Work request
What is needed is a word-for-word copy of the lines below from the one with "哪款精华液抗皱最好用,50岁左右女性适合什么精华液" through the one with "thumbnail image 2", both included, with every picture left out.

Exercise materials
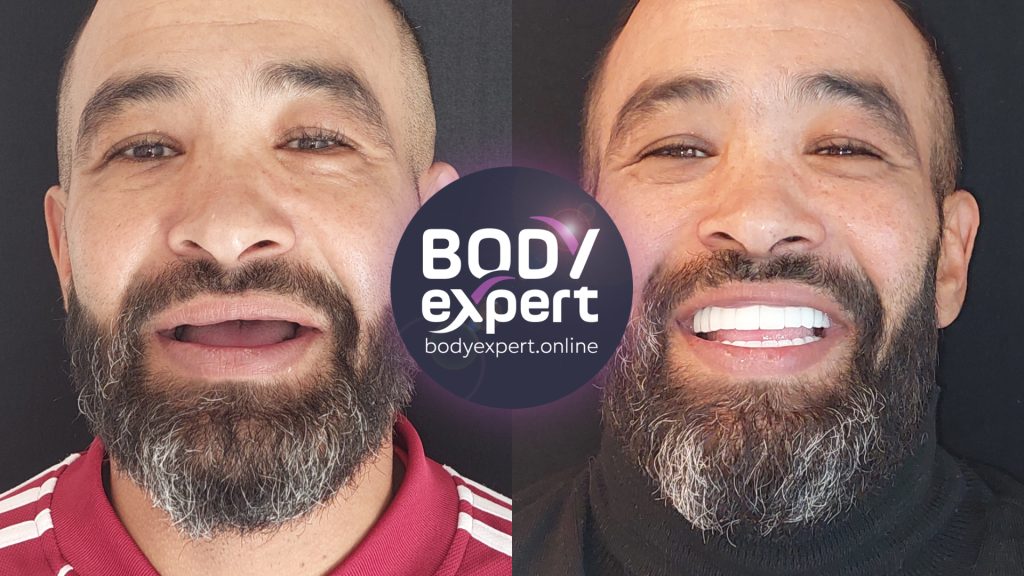 Refaire Ses Dents Les Solutions Possibles Et Leurs Prix Body Expert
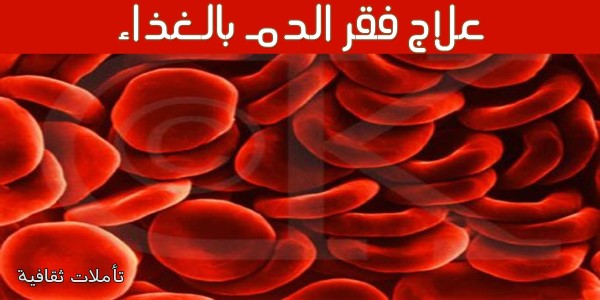 علاج فقر الدم الحاد بالغذاء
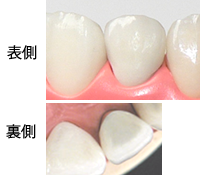 オールセラミッククラウン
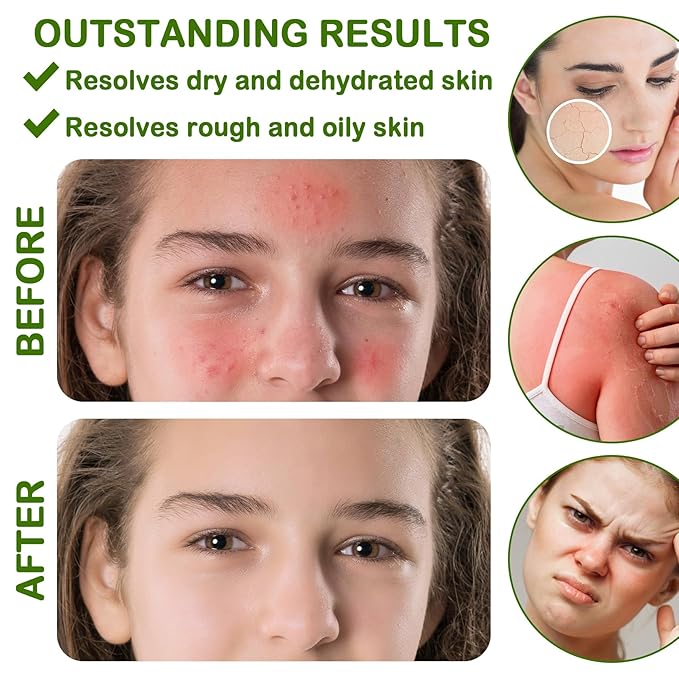 8PCS Travel Size Organic Aloe Vera Gel for Face & Body,Moisturizing Non-sticky Pure Aloe Gel After Sun Aloe Lotion Skin Care,Fast Absorbing Refreshing Hydrating Face Moisturizer for All Skin Types C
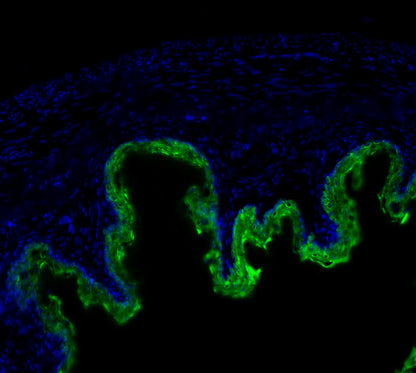 Cytokeratin 1 Antibody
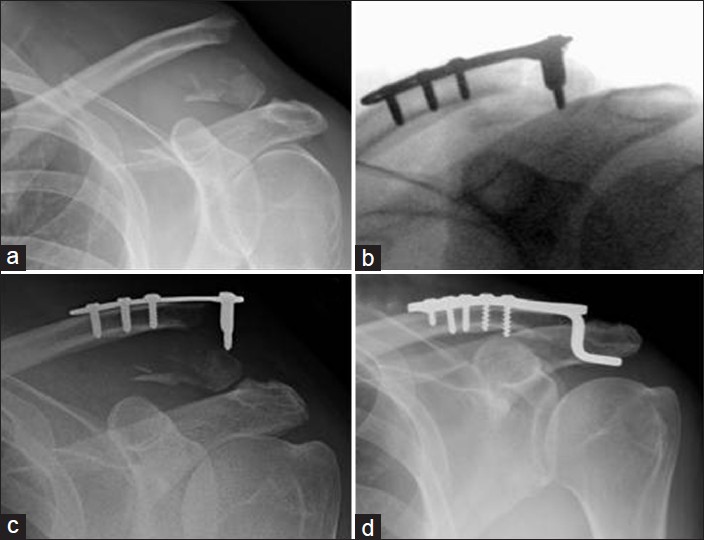 Figure 3: A 48-year-old male with a left clavicle fracture sustained playing rugby. (a) Acute lateral clavicle fracture. Although the ligaments have not ruptured, they have avulsed the inferior aspect of the clavicle and are therefore de-functioned. (b) Intra-op fluoroscopic image showing satisfactory reduction. (c) Follow-up radiograph showing plate pullout. (d) Revision with hook plate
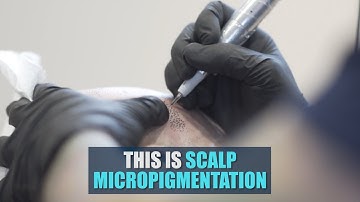 THIS is Scalp Micropigmentation by Hairline Ink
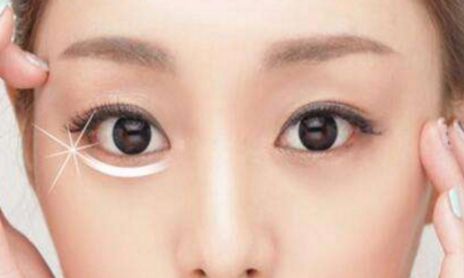 荊州割眼袋哪家醫(yī)院好？眼袋修復(fù)專(zhuān)家為您推薦！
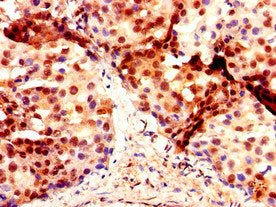 Immunohistochemistry of paraffin-embedded human breast cancer using DMRT1 Antibody at dilution of 1:100Rabbit anti-Human DMRT1 Polyclonal Antibody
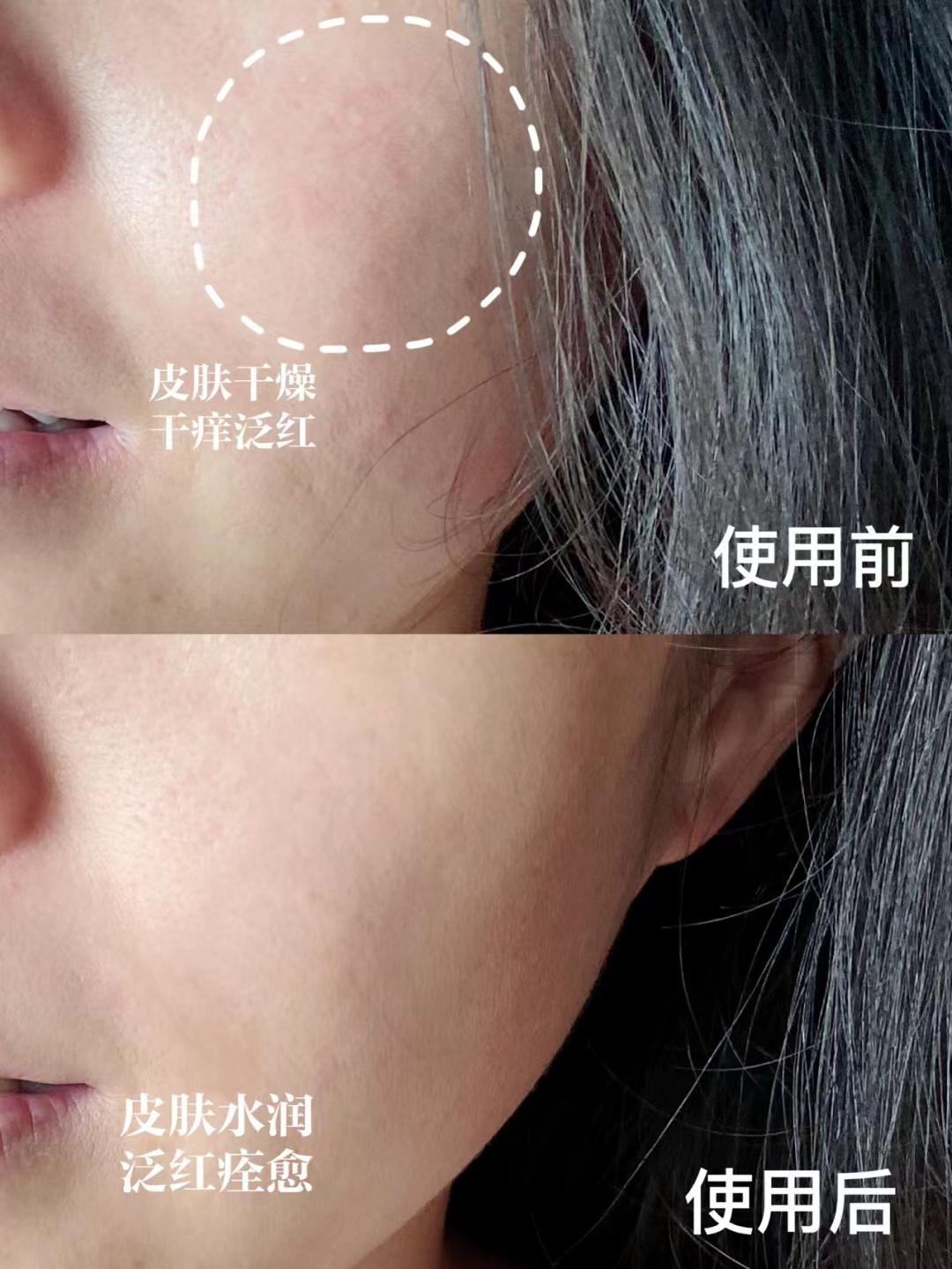 哪款精华液抗皱最好用,50岁左右女性适合什么精华液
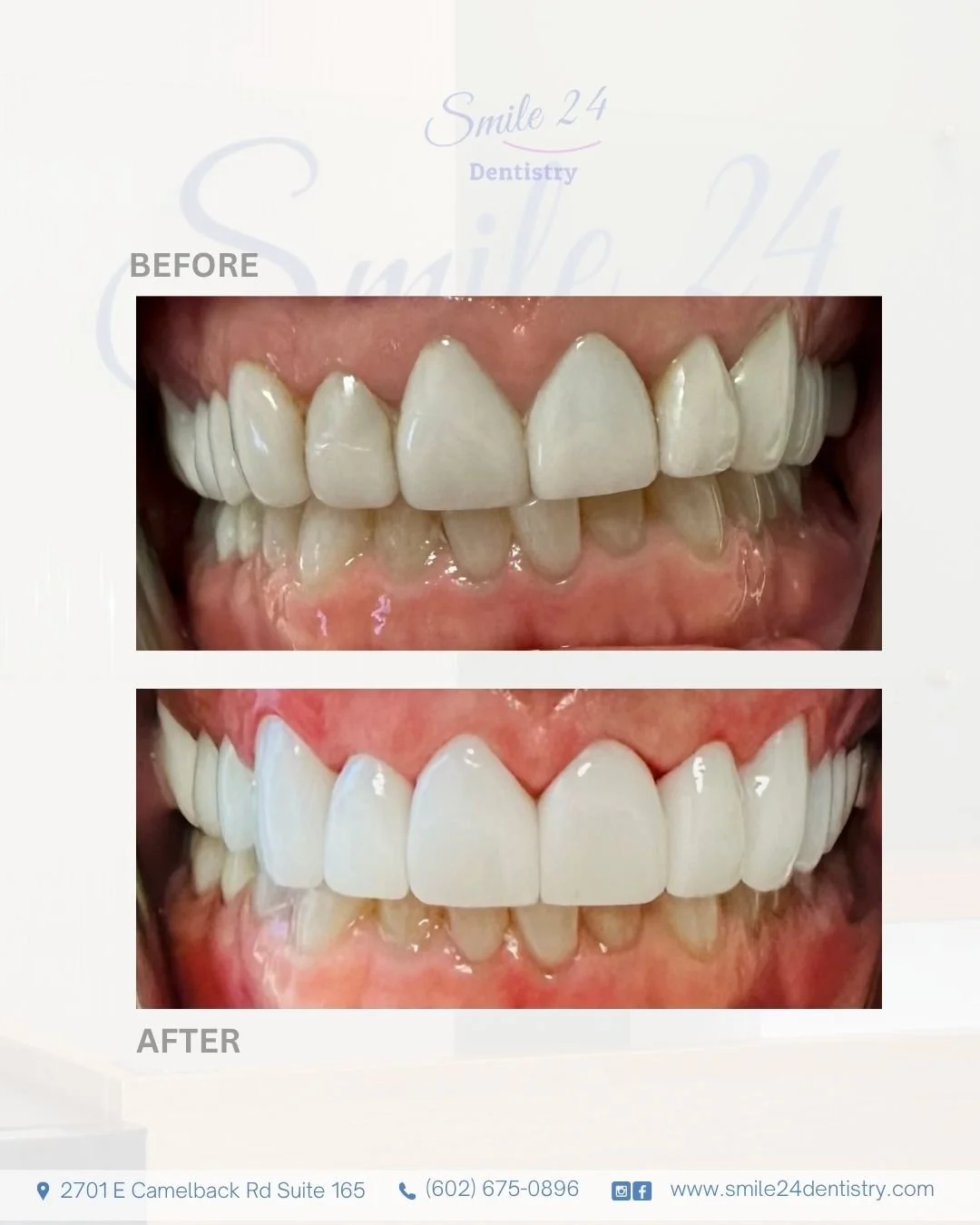 Smile Transformation Before and After by Smile 24 Dentistry in Phoenix, Az, Biltmore area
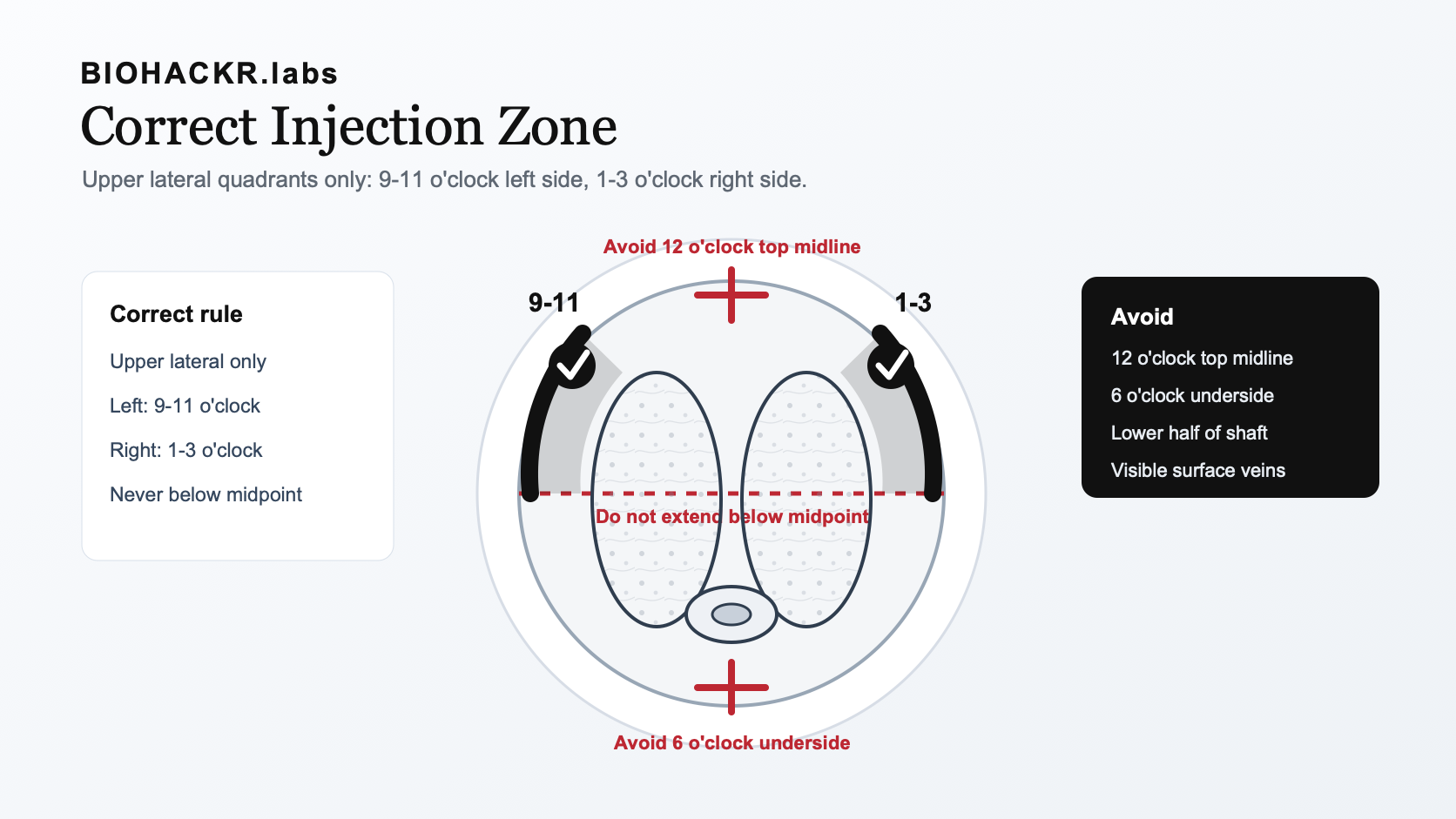 Medical schematic showing upper lateral ICI injection zones at 9 to 11 o'clock and 1 to 3 o'clock, with top midline, underside, and lower half marked as avoid zones.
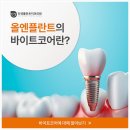 야탑치과 잘하는 곳 임플란트 종류 비용 단계 가격 단단해야 하는 이유
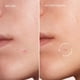 thumbnail image 2 of Pimple Patches MAREE Star para rostro con algas verdes y aceite de árbol de té, 2 of 7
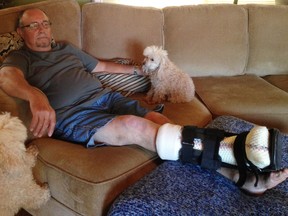 Manuel DaCunha is pictured wearing a full contact cast his wife says helped heal a diabetic foot ulcer he was suffering from for four years. The couple are questioning why his casting wasn't covered by OHIP. (Handout/Sarnia Observer/Postmedia Network)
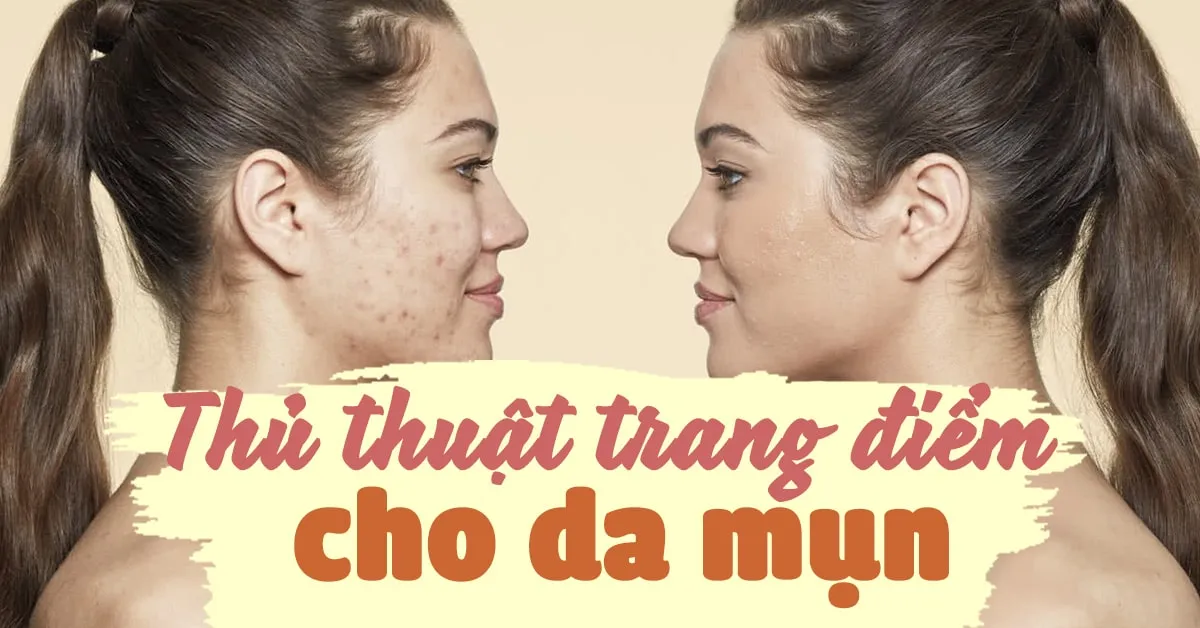 7 thủ thuật trang điểm dành cho da mụn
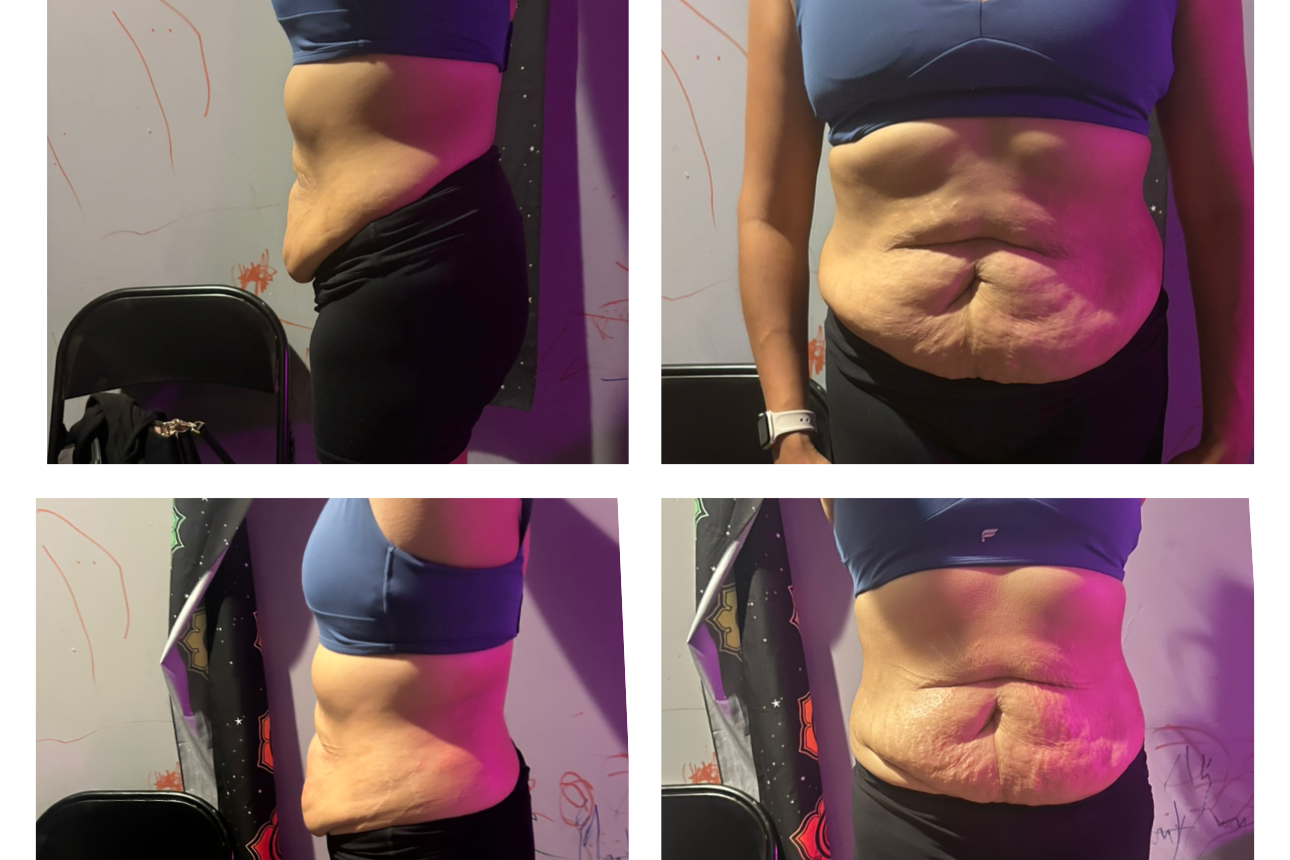 Laser Lipo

Exercise solution
 哪款精华液抗皱最好用,50岁左右女性适合什么精华液
 Smile Transformation Before and After by Smile 24 Dentistry in Phoenix, Az, Biltmore area
 Medical schematic showing upper lateral ICI injection zones at 9 to 11 o'clock and 1 to 3 o'clock, with top midline, underside, and lower half marked as avoid zones.
 야탑치과 잘하는 곳 임플란트 종류 비용 단계 가격 단단해야 하는 이유
 thumbnail image 2 of Pimple Patches MAREE Star para rostro con algas verdes y aceite de árbol de té, 2 of 7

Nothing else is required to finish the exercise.